Bei der EU-Wahl am 9. Juni 2024 können fast 65 Millionen Menschen in Deutschland wählen. Online wird aktuell fälschlich behauptet, eine Stimmabgabe sei strafbar. Als vermeintlicher Beleg dient ein Urteil des deutschen Bundesverfassungsgerichts aus 2012. Diese Entscheidung hat aber gar nichts mit der EU-Wahl zu tun und bezog sich lediglich auf die Sitzverteilung im Bundestag.
„Wer Wählen geht macht sich Strafbar nach Bundesverfassungsgericht. Auch die Wahlhelfer. Ihr könnt jeden einzelnen anzeigen“, schrieb ein User am 4. Juni 2024 auf Facebook.
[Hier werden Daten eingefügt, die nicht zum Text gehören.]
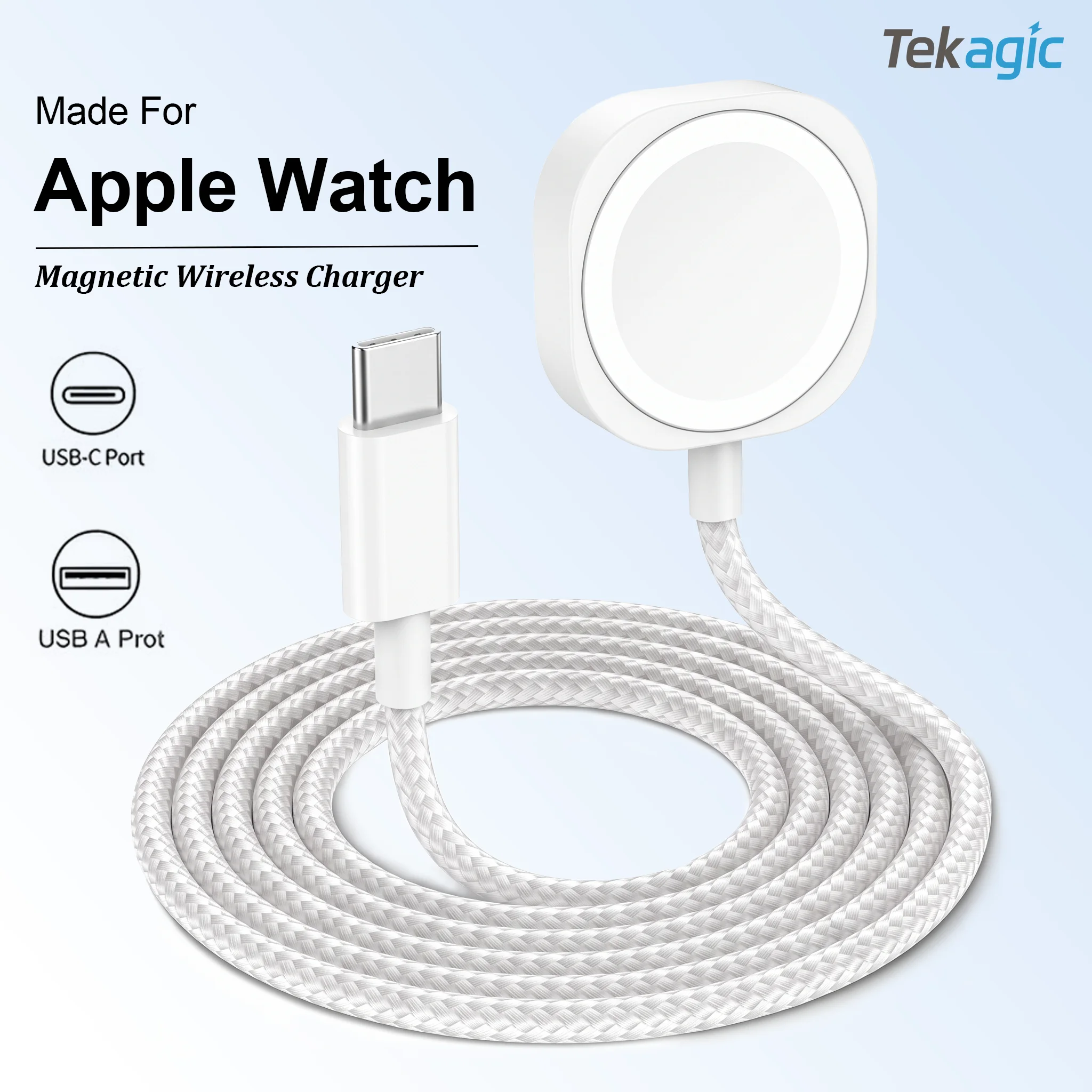 For Apple Watch Charger USB A/Type C Magnetic Wireless Fast Charging Cable for iWatch Series 11 10 9 8 7 6 5 4 3 2 Ultra Edition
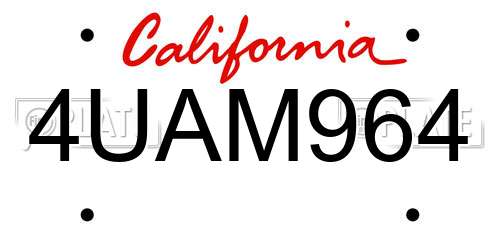 4UAM964 California License Plate
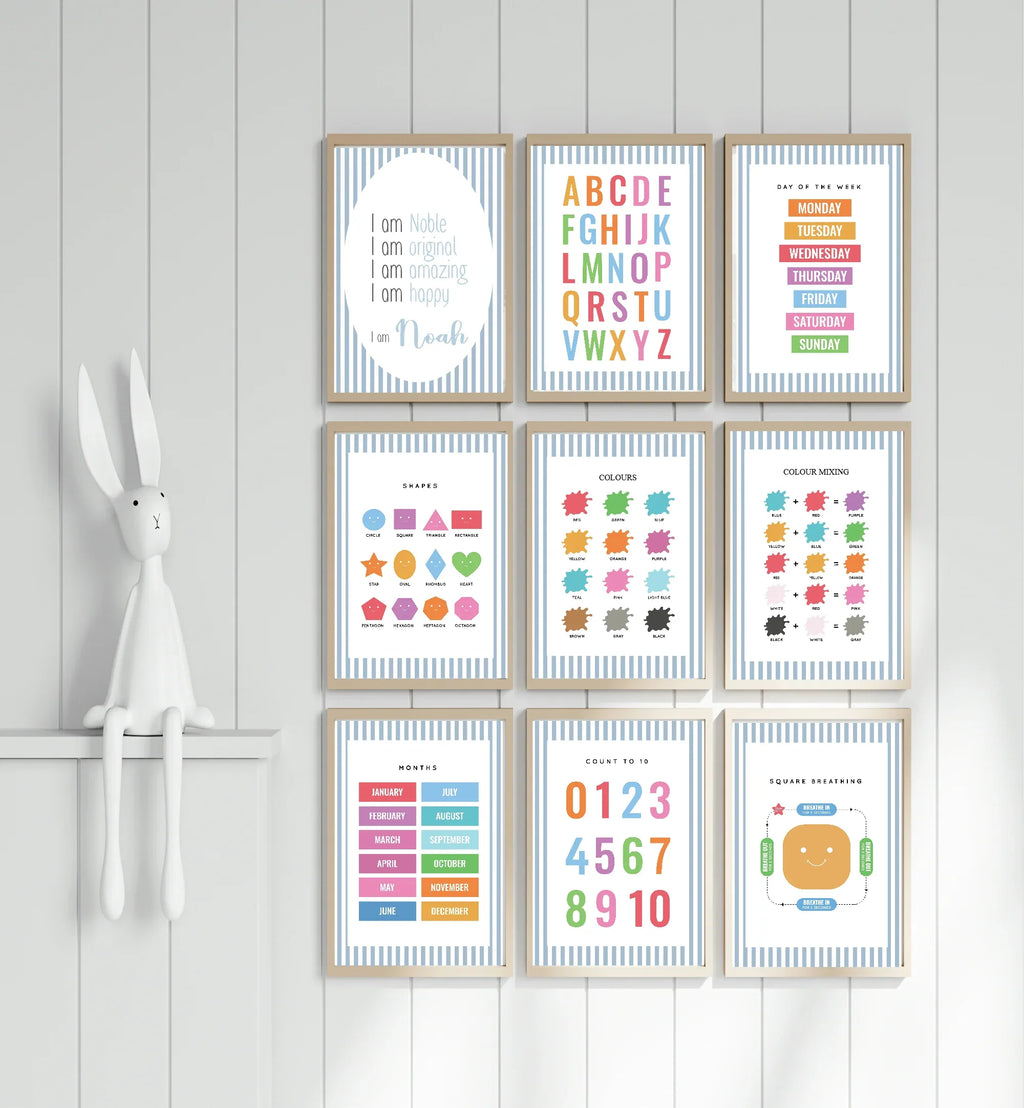 Pastel Stripe Square Breathing Emotional Support Tool Wall Art Poster | Blue, Pink or Mint Green - Larosier Prints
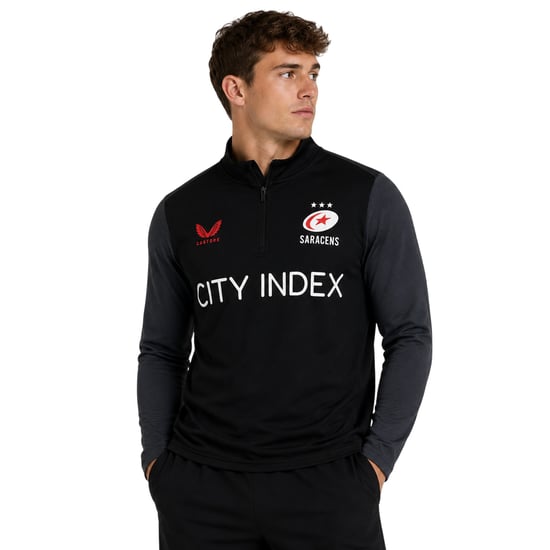Castore Saracens fleece-trainingsjack voor heren (Kaviaar/Ebbenhout) - Image 1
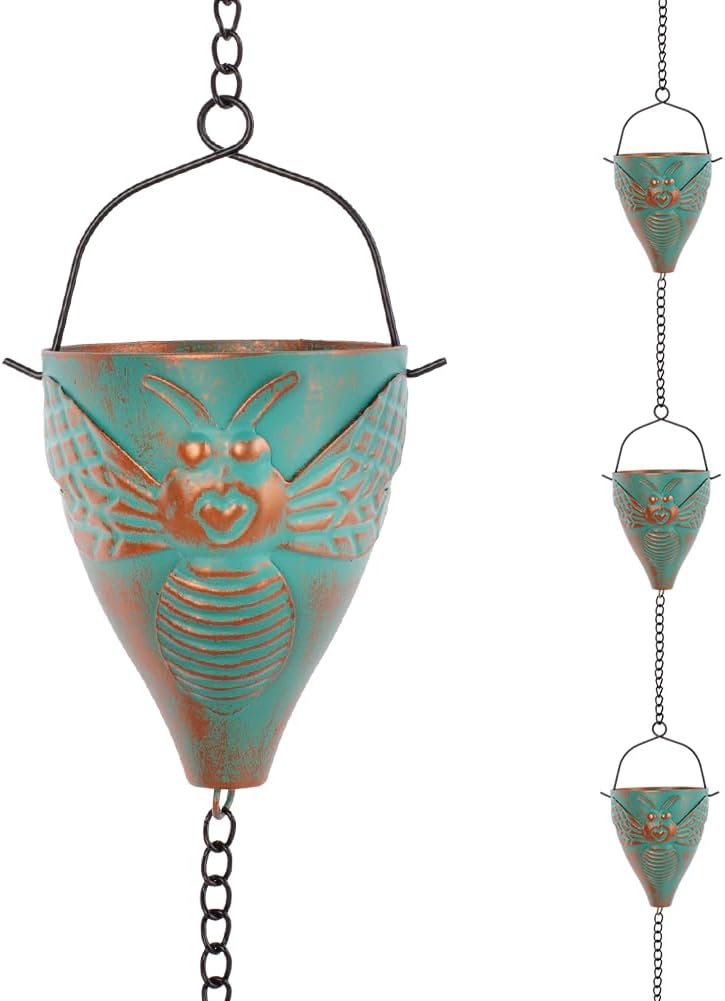 10 FT Rain Chain for Outside, Rain Chain with 10 Bee Pattern Cups Adjustable Rain Catcher Chain for Gutters, Eaves, Drainage, Replacement for Downpout
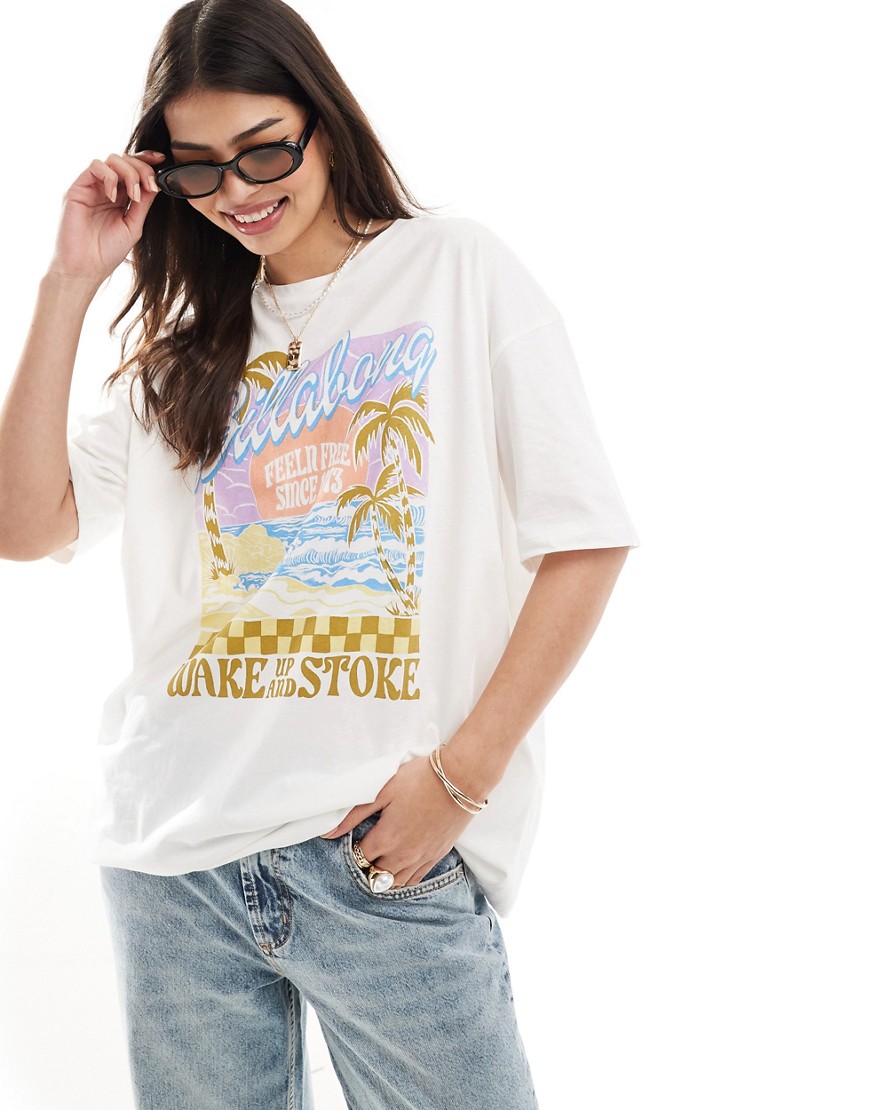 T-shirt à imprimé Wave Up and Stoke - Crème - Billabong - Modalova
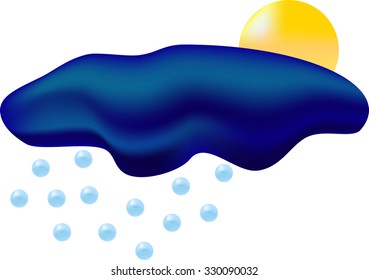 weather icon sun cloud snow falls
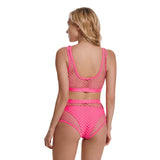 Mesh sexy pink bikini split swimsuit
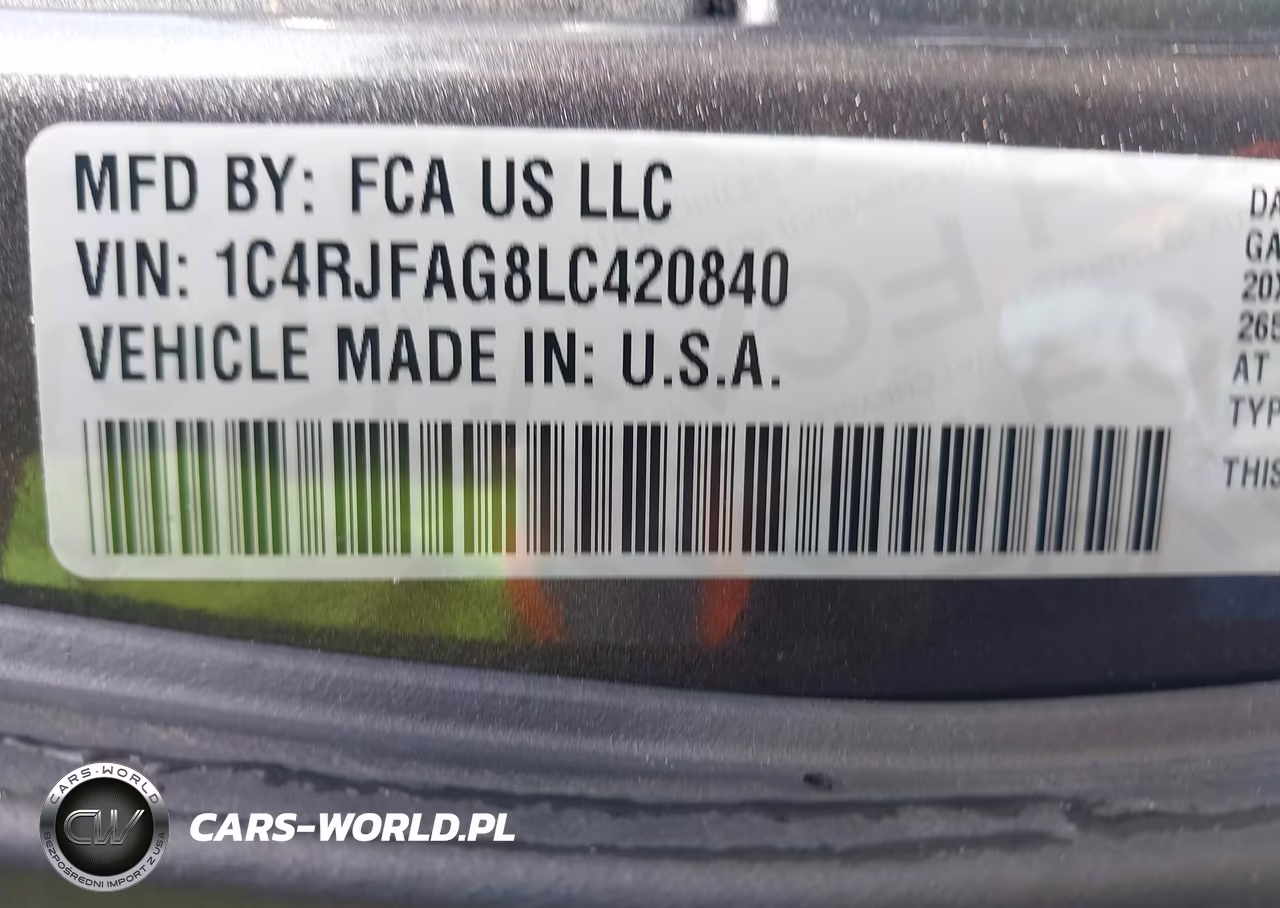 2020 Jeep Grand Cherokee Altitude 4X4 VIN:1C4RJFAG8LC420840 - 9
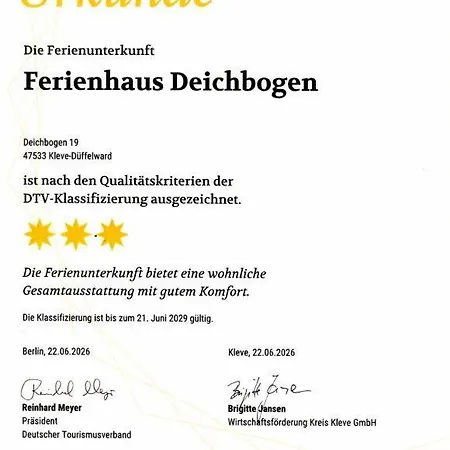 Hasenkath Deichbogen, Mit 3 Sternen Vom Dtv Feriehus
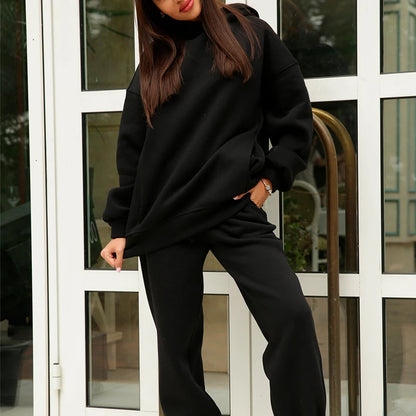 Conjuntos de dos piezas de forro polar para mujer, elegantes, de color sólido, con capucha extragrande y pantalones largos, chándal deportivo para otoño e invierno 2023.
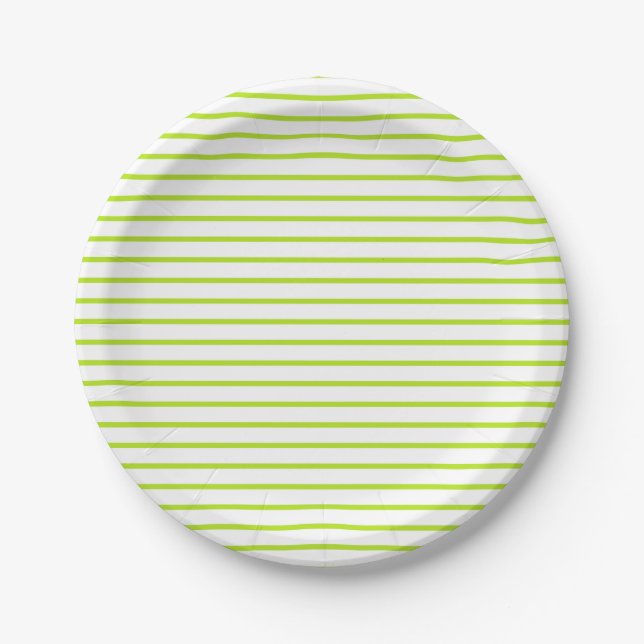 Lime Green Lines White Paper Plate (Front)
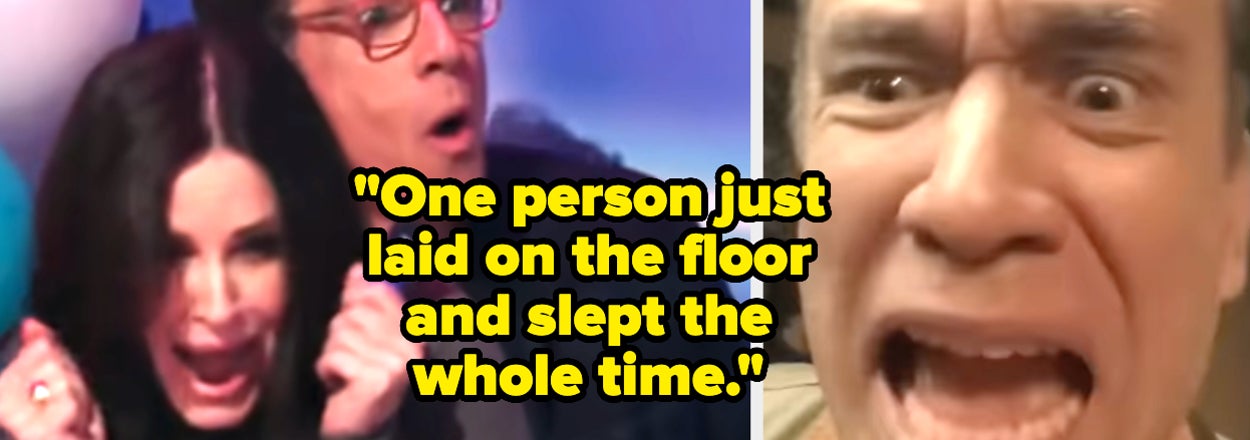 "One person just laid on the floor and slept the whole time" over courteney cox and ben stiller screaming, next to a close up of fred armisen freaking out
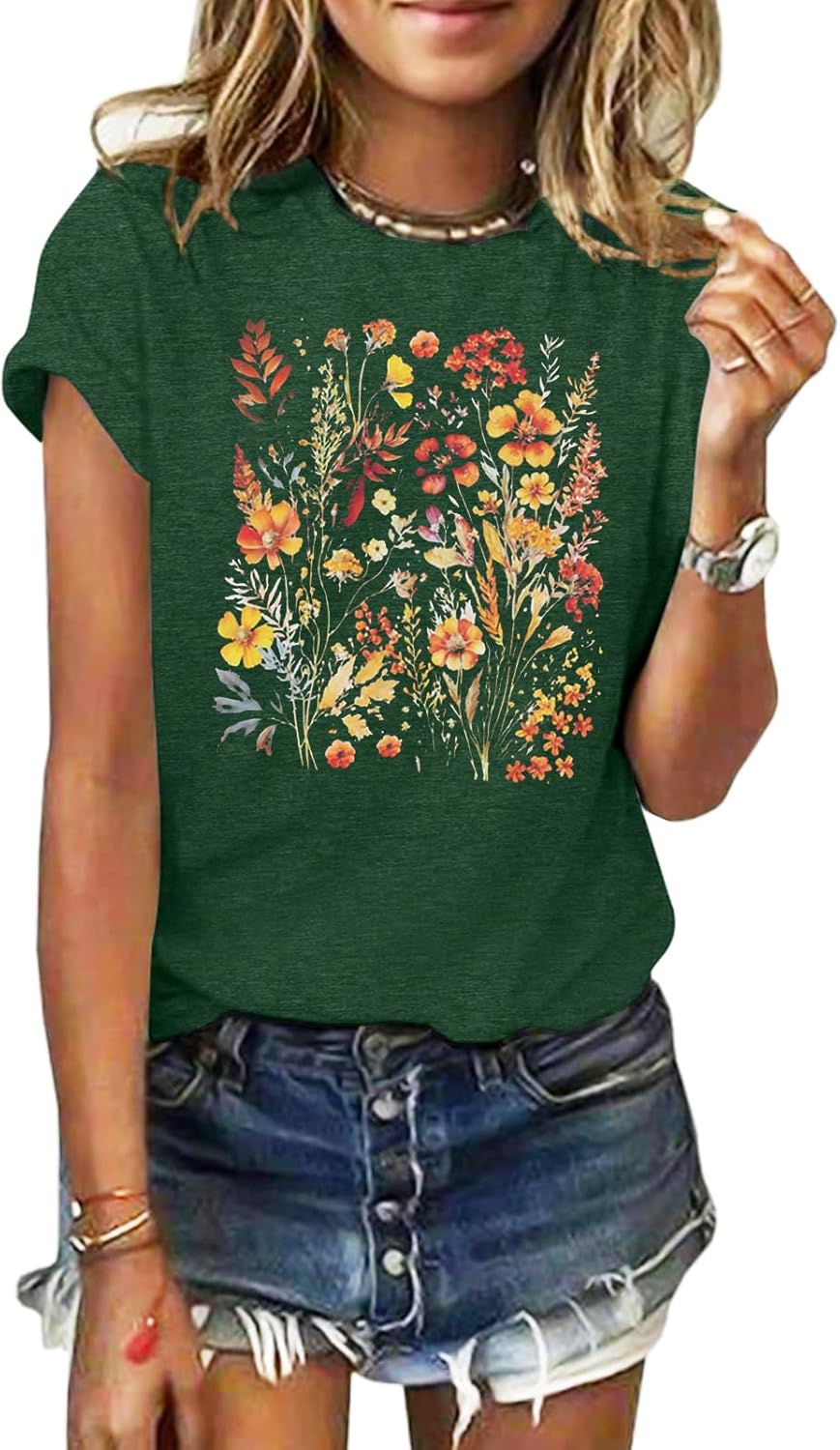 Women's Vintage Floral Loose Summer Graphic T-Shirt 1 Women's Vintage Floral Loose Summer Graphic T-Shirt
Grundlage sei ein Urteil des deutschen Bundesverfassungsgerichts aus dem Jahr 2012, wonach das Bundeswahlgesetz „grundgesetzwidrig“ sei. „#Europawahl Jeder der Wählen geht leistet eine Beihilfe zur einer #Straftat nach §27 StGB“, heißt es in einem anderen Posting, das User nur wenige Tage vor der EU-Wahl im Juni 2024 zahlreich auf Facebook verbreiten.
Die Behauptung kursiert aktuell zudem auf Telegram. Bereits im Jahr 2019 wurde unter Bezugnahme auf das Gerichtsurteil auch auf X behauptet, dass Wählen eine „Straftat“ sei.
Falschmeldungen über Wahlen gibt es immer wieder. AFP überprüfte bereits Behauptungen über dasselbe Urteil von 2012, wonach das Gericht in Karlsruhe damit alle deutschen Wahlen für nichtig erklärt habe. Das ist falsch.
Generell verbreiten Nutzerinnen und Nutzer immer wieder Behauptungen, die die Legitimität der Bundesrepublik Deutschland und ihrer Gesetze untergraben sollen. AFP hat etwa bereits die Aussage entkräftet, Deutschland sei nach wie vor ein besetztes Land.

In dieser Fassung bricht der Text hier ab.